*** DATA TO USE Section Begins ***
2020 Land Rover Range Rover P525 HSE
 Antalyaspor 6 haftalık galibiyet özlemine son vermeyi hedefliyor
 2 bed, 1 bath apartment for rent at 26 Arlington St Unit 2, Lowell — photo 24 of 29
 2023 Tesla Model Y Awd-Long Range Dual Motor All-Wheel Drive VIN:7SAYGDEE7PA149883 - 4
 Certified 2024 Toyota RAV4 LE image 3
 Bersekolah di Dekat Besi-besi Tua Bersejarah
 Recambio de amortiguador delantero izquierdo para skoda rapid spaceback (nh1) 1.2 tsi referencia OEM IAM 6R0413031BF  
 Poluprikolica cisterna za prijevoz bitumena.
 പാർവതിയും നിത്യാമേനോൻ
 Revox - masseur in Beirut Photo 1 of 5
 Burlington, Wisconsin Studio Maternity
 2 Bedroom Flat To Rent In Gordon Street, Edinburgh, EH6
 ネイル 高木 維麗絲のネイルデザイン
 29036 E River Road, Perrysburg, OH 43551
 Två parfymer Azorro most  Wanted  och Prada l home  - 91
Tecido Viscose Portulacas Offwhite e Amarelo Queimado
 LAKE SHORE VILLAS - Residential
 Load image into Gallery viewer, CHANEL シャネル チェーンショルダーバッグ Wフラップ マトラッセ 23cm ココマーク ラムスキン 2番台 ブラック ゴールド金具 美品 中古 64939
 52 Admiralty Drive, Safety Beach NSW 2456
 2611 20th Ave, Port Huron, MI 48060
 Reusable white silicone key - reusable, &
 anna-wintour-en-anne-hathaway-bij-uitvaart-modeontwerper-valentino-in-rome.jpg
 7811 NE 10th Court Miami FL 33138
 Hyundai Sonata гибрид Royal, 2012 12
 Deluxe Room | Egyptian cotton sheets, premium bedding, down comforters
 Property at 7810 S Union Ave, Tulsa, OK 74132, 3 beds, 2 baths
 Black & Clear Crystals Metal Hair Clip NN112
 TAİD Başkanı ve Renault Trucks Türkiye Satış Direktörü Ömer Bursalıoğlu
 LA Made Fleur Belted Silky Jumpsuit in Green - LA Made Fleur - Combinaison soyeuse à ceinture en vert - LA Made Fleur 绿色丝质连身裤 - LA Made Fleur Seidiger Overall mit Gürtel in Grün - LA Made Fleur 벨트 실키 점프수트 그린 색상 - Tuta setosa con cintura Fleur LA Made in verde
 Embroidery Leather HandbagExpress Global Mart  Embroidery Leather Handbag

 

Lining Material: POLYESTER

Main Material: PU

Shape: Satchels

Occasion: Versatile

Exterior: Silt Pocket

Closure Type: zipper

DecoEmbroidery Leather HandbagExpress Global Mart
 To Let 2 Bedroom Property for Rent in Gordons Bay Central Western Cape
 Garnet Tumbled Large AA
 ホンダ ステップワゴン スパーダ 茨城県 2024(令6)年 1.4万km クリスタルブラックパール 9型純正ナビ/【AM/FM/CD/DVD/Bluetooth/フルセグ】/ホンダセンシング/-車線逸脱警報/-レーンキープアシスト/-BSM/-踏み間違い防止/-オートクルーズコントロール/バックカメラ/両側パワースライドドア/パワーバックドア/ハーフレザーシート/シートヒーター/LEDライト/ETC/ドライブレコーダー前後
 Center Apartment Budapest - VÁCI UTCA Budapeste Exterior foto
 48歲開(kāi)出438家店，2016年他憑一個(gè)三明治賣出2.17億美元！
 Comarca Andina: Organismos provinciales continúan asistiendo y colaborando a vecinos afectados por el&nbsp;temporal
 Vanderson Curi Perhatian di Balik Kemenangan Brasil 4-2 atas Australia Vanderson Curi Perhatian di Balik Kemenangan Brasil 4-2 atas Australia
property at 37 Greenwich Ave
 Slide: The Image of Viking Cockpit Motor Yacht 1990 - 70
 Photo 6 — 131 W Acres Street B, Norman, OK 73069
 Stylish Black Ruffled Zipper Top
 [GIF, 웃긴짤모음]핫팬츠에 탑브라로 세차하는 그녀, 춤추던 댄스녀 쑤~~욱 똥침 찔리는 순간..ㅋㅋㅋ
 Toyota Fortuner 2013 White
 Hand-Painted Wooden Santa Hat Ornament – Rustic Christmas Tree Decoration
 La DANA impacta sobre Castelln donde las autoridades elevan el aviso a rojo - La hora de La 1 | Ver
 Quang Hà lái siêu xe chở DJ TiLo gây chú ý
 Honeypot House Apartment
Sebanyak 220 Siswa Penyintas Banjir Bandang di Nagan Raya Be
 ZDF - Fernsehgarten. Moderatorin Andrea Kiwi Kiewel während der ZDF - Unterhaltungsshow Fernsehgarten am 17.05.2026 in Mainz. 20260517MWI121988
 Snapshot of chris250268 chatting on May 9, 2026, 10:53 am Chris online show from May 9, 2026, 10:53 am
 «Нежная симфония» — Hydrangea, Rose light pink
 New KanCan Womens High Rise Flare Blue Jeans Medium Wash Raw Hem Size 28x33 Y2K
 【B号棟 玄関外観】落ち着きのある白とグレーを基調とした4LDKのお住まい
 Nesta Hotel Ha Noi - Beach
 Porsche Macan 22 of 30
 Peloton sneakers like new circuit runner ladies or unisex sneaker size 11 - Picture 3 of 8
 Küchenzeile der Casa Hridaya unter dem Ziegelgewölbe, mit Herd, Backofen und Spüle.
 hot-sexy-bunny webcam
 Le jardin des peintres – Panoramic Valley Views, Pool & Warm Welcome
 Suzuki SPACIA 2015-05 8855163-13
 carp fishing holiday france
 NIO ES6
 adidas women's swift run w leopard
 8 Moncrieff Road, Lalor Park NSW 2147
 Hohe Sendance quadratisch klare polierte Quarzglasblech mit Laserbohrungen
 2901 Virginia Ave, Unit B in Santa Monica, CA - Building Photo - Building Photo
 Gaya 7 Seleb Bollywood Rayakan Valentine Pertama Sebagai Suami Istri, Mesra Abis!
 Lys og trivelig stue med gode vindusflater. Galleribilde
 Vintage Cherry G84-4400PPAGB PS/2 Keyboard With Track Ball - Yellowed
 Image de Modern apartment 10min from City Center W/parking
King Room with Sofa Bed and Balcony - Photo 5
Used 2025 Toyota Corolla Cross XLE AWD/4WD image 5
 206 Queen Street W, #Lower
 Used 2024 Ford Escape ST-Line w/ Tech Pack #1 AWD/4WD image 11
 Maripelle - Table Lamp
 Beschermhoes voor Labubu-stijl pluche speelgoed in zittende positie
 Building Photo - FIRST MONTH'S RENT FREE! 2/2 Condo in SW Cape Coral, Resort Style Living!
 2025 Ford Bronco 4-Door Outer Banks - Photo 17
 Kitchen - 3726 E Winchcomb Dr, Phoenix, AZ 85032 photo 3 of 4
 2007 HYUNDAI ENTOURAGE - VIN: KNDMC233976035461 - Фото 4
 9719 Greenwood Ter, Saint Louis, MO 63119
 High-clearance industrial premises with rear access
*** DATA TO USE Section Ends ***
▶ **EXERCISE AIM**
What is needed is a word-for-word copy of all the entries.

▶ **RESPONSE TO THE TASK**
2020 Land Rover Range Rover P525 HSE
 Antalyaspor 6 haftalık galibiyet özlemine son vermeyi hedefliyor
 2 bed, 1 bath apartment for rent at 26 Arlington St Unit 2, Lowell — photo 24 of 29
 2023 Tesla Model Y Awd-Long Range Dual Motor All-Wheel Drive VIN:7SAYGDEE7PA149883 - 4
 Certified 2024 Toyota RAV4 LE image 3
 Bersekolah di Dekat Besi-besi Tua Bersejarah
 Recambio de amortiguador delantero izquierdo para skoda rapid spaceback (nh1) 1.2 tsi referencia OEM IAM 6R0413031BF  
 Poluprikolica cisterna za prijevoz bitumena.
 പാർവതിയും നിത്യാമേനോൻ
 Revox - masseur in Beirut Photo 1 of 5
 Burlington, Wisconsin Studio Maternity
 2 Bedroom Flat To Rent In Gordon Street, Edinburgh, EH6
 ネイル 高木 維麗絲のネイルデザイン
 29036 E River Road, Perrysburg, OH 43551
 Två parfymer Azorro most  Wanted  och Prada l home  - 91
Tecido Viscose Portulacas Offwhite e Amarelo Queimado
 LAKE SHORE VILLAS - Residential
 Load image into Gallery viewer, CHANEL シャネル チェーンショルダーバッグ Wフラップ マトラッセ 23cm ココマーク ラムスキン 2番台 ブラック ゴールド金具 美品 中古 64939
 52 Admiralty Drive, Safety Beach NSW 2456
 2611 20th Ave, Port Huron, MI 48060
 Reusable white silicone key - reusable, &
 anna-wintour-en-anne-hathaway-bij-uitvaart-modeontwerper-valentino-in-rome.jpg
 7811 NE 10th Court Miami FL 33138
 Hyundai Sonata гибрид Royal, 2012 12
 Deluxe Room | Egyptian cotton sheets, premium bedding, down comforters
 Property at 7810 S Union Ave, Tulsa, OK 74132, 3 beds, 2 baths
 Black & Clear Crystals Metal Hair Clip NN112
 TAİD Başkanı ve Renault Trucks Türkiye Satış Direktörü Ömer Bursalıoğlu
 LA Made Fleur Belted Silky Jumpsuit in Green - LA Made Fleur - Combinaison soyeuse à ceinture en vert - LA Made Fleur 绿色丝质连身裤 - LA Made Fleur Seidiger Overall mit Gürtel in Grün - LA Made Fleur 벨트 실키 점프수트 그린 색상 - Tuta setosa con cintura Fleur LA Made in verde
 Embroidery Leather HandbagExpress Global Mart  Embroidery Leather Handbag

 

Lining Material: POLYESTER

Main Material: PU

Shape: Satchels

Occasion: Versatile

Exterior: Silt Pocket

Closure Type: zipper

DecoEmbroidery Leather HandbagExpress Global Mart
 To Let 2 Bedroom Property for Rent in Gordons Bay Central Western Cape
 Garnet Tumbled Large AA
 ホンダ ステップワゴン スパーダ 茨城県 2024(令6)年 1.4万km クリスタルブラックパール 9型純正ナビ/【AM/FM/CD/DVD/Bluetooth/フルセグ】/ホンダセンシング/-車線逸脱警報/-レーンキープアシスト/-BSM/-踏み間違い防止/-オートクルーズコントロール/バックカメラ/両側パワースライドドア/パワーバックドア/ハーフレザーシート/シートヒーター/LEDライト/ETC/ドライブレコーダー前後
 Center Apartment Budapest - VÁCI UTCA Budapeste Exterior foto
 48歲開(kāi)出438家店，2016年他憑一個(gè)三明治賣出2.17億美元！
 Comarca Andina: Organismos provinciales continúan asistiendo y colaborando a vecinos afectados por el&nbsp;temporal
 Vanderson Curi Perhatian di Balik Kemenangan Brasil 4-2 atas Australia Vanderson Curi Perhatian di Balik Kemenangan Brasil 4-2 atas Australia
property at 37 Greenwich Ave
 Slide: The Image of Viking Cockpit Motor Yacht 1990 - 70
 Photo 6 — 131 W Acres Street B, Norman, OK 73069
 Stylish Black Ruffled Zipper Top
 [GIF, 웃긴짤모음]핫팬츠에 탑브라로 세차하는 그녀, 춤추던 댄스녀 쑤~~욱 똥침 찔리는 순간..ㅋㅋㅋ
 Toyota Fortuner 2013 White
 Hand-Painted Wooden Santa Hat Ornament – Rustic Christmas Tree Decoration
 La DANA impacta sobre Castelln donde las autoridades elevan el aviso a rojo - La hora de La 1 | Ver
 Quang Hà lái siêu xe chở DJ TiLo gây chú ý
 Honeypot House Apartment
Sebanyak 220 Siswa Penyintas Banjir Bandang di Nagan Raya Be
 ZDF - Fernsehgarten. Moderatorin Andrea Kiwi Kiewel während der ZDF - Unterhaltungsshow Fernsehgarten am 17.05.2026 in Mainz. 20260517MWI121988
 Snapshot of chris250268 chatting on May 9, 2026, 10:53 am Chris online show from May 9, 2026, 10:53 am
 «Нежная симфония» — Hydrangea, Rose light pink
 New KanCan Womens High Rise Flare Blue Jeans Medium Wash Raw Hem Size 28x33 Y2K
 【B号棟 玄関外観】落ち着きのある白とグレーを基調とした4LDKのお住まい
 Nesta Hotel Ha Noi - Beach
 Porsche Macan 22 of 30
 Peloton sneakers like new circuit runner ladies or unisex sneaker size 11 - Picture 3 of 8
 Küchenzeile der Casa Hridaya unter dem Ziegelgewölbe, mit Herd, Backofen und Spüle.
 hot-sexy-bunny webcam
 Le jardin des peintres – Panoramic Valley Views, Pool & Warm Welcome
 Suzuki SPACIA 2015-05 8855163-13
 carp fishing holiday france
 NIO ES6
 adidas women's swift run w leopard
 8 Moncrieff Road, Lalor Park NSW 2147
 Hohe Sendance quadratisch klare polierte Quarzglasblech mit Laserbohrungen
 2901 Virginia Ave, Unit B in Santa Monica, CA - Building Photo - Building Photo
 Gaya 7 Seleb Bollywood Rayakan Valentine Pertama Sebagai Suami Istri, Mesra Abis!
 Lys og trivelig stue med gode vindusflater. Galleribilde
 Vintage Cherry G84-4400PPAGB PS/2 Keyboard With Track Ball - Yellowed
 Image de Modern apartment 10min from City Center W/parking
King Room with Sofa Bed and Balcony - Photo 5
Used 2025 Toyota Corolla Cross XLE AWD/4WD image 5
 206 Queen Street W, #Lower
 Used 2024 Ford Escape ST-Line w/ Tech Pack #1 AWD/4WD image 11
 Maripelle - Table Lamp
 Beschermhoes voor Labubu-stijl pluche speelgoed in zittende positie
 Building Photo - FIRST MONTH'S RENT FREE! 2/2 Condo in SW Cape Coral, Resort Style Living!
 2025 Ford Bronco 4-Door Outer Banks - Photo 17
 Kitchen - 3726 E Winchcomb Dr, Phoenix, AZ 85032 photo 3 of 4
 2007 HYUNDAI ENTOURAGE - VIN: KNDMC233976035461 - Фото 4
 9719 Greenwood Ter, Saint Louis, MO 63119
 High-clearance industrial premises with rear access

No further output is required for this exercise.